[Mohit Sharma *] [Arjun Sharma *] [Nick Rhinehart] [Kris M. Kitani]

Robotics Institute, CMU


The use of imitation learning to learn a single policy for a complex task that has multiple modes or hierarchical structure can be challenging. In fact, previous work has shown that when the modes are known, learning separate policies for each mode or sub-task can greatly improve the performance of imitation learning. In this work, we discover the interaction between sub-tasks from their resulting state-action trajectory sequences using a directed graphical model. We propose new algorithm based on the generative adversarial imitation learning framework which automatically learns sub-task policies from unsegmented demonstrations. Our approach maximizes the directed information flow in the graphical model between sub-task latent variables and their generated trajectories. We also show how our approach connects with existing "Options" framework commonly used to learn hierarchical policies


title={Directed-Info {GAIL}: Learning Hierarchical Policies from Unsegmented Demonstrations using Directed Information},
author={Mohit Sharma and Arjun Sharma and Nicholas Rhinehart and Kris M. Kitani},
booktitle={International Conference on Learning Representations},



We use the 2D Grid-World environment to show that DirectedInfo-GAIL is able to infer sub-tasks which correspond to meaningful navigation strategies and combine them to plan paths to different goal states. In the following figures we can see that each sub-task policy is being used to achieve a different navigation strategy.

Sub-Task Policy 1

Sub-Task Policy 2

Sub-Task Policy 3

Sub-Task Policy 4


We use the Circle-World environment to show the multi-modal nature of our experiments, since the expert trajectories contain different actions (for clockwise and anti-clockwise direction) for every state (x, y) in the trajectory. In the following figures we also show how our proposed approach can be used to compose new behavior that was not observed in the training set. The figure on the left is the generated trajectory by using the learned macro-policy i.e. the initial circle is drawn clockwise and the latter circle is anti-clockwise. The figure on the right swaps the learned macro-policy with a different desired macro-policy which generates the first circle in the anti-clockwise direction the second circle in the clockwise direction, thus composing new unobserved behavior.

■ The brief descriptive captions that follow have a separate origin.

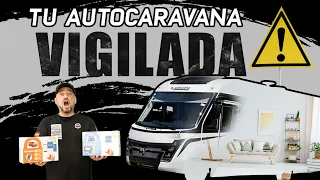 Los Mejores accesorios de Seguridad🔐 para tu Autocaravana🚐 | Mobilvetta K-Yacht Tekno Line⚡️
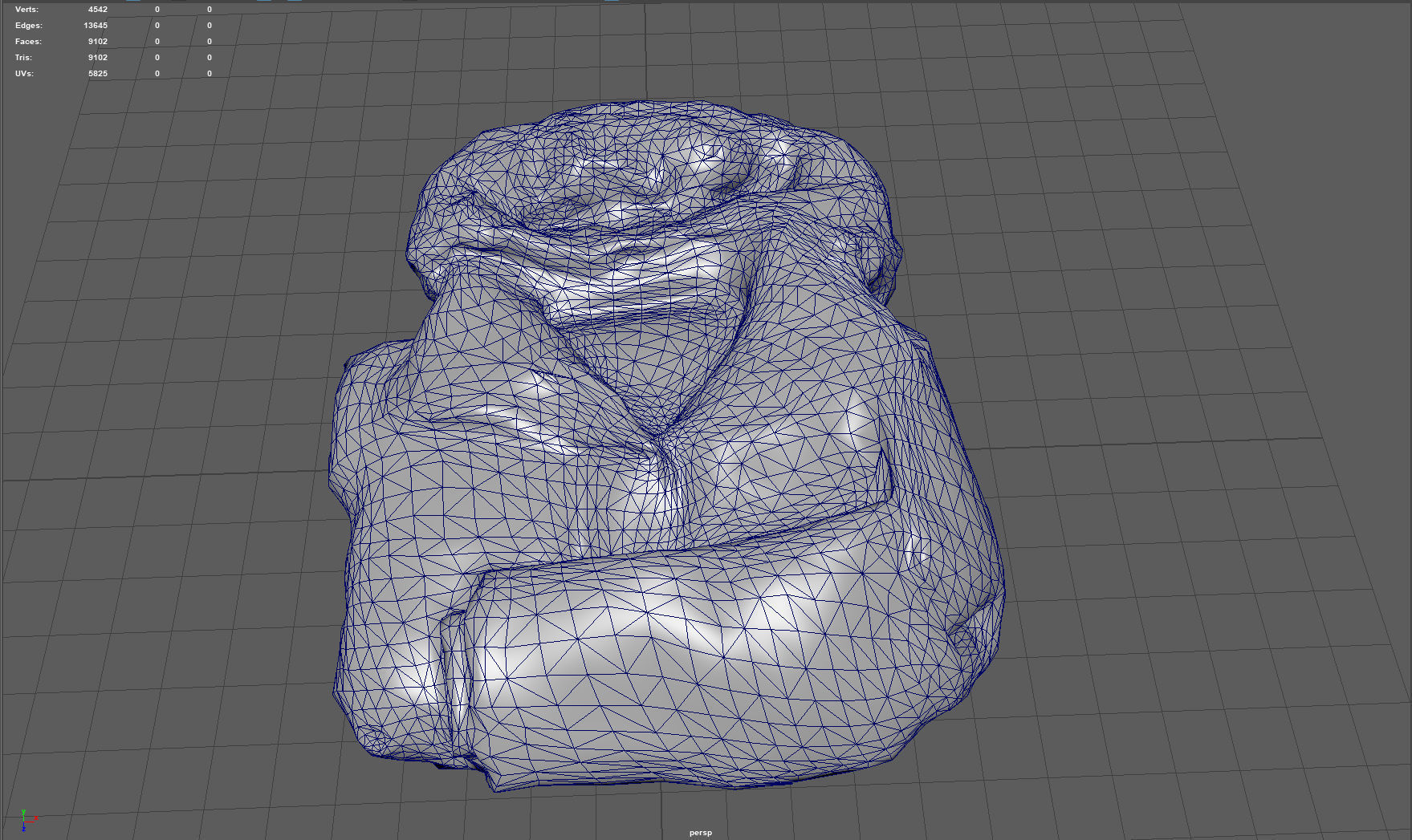 ANTARCTIC JACKET Low-poly 3D model_5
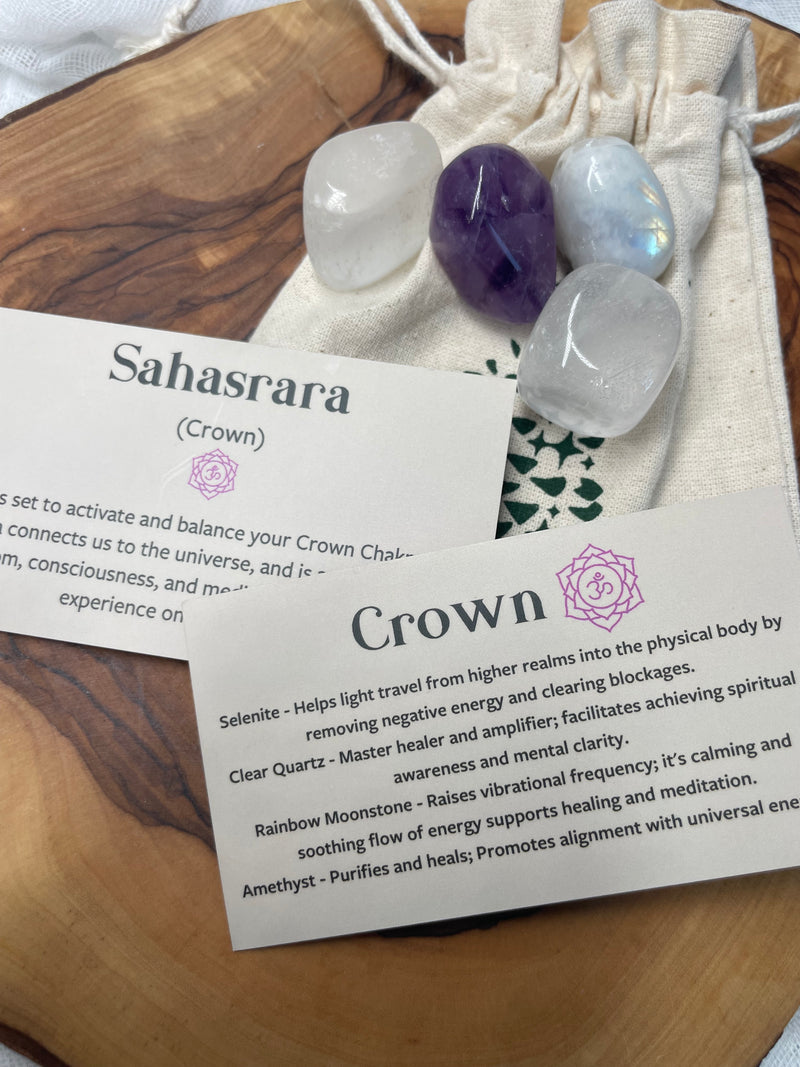 Crystal Chakra Sets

Trajectory generated by Directed-Info GAIL using the learned sub-task and learned macro policy.

Trajectory generated by Directed-Info GAIL using the learned sub-task and desired macro policy.


We use the mujoco simulator to show results on high-dimensional continuous control tasks 1) Hopper and 2) Walker2D. Below are the video results for both of these environments. The video on the left shows the result for the Hopper environment, while the video on the right shows the result on the Walker environment. We annotate each frame of all the videos with the sub-task latent variable predicted by the posterior network.

Fetch Robot Pick and Place Segmentation Results

We use the Fetch Robotics environment provided in OpenAI gym to show how our proposed method is able to correctly segment an expert pick and place trajectory into two different sub-tasks.

Walker Context

For the Walker environment in OpenAI gym we show that our proposed approach is able to learn different behaviors corresponding to different sub-task latent variables. For example in the videos below we provided the walker agent with just one latent variable i.e., in video 1 we always provided context 2 which corresponded to the control of pink leg, while in video 2 we always provided context 1 which corresponds to control in the brown leg.

Fetch Robot - Pick and Place Imitation Learning Results

We also show results for our approach on a more complex pick and place task using the Fetch robot. We use the FetchPickAndPlace-v1 environment for our experiments. As shown in the above results, we use the VAE pre-training step to infer the sub-task for the expert trajectory. In the experiment results below along with the adversarial loss to the policy network we also add a behavior cloning loss which minimizes the L2 distance between the policy action and the expert action on states in the expert demonstrations.

As seen in the results below, our method is able to learn both picking and placing sub-tasks from unsegmented demonstrations. As the video on the left shows, the GAIL baseline only learns to reach the object and fails to grasp the object by either not closing the gripper or closing the gripper prematurely. In contrast, as can be seen in the middle video, our proposed approach is able to successfully learn to reach and grasp the object and then move it to the target location. We believe that our approach helps the agent alleviate the grasp failures by providing it with the sub-task code, helping it disambiguate between the very similar states the agent observes just before and just after grasping. However, as seen in the video on the right, we observed some failure cases in our proposed approach as well.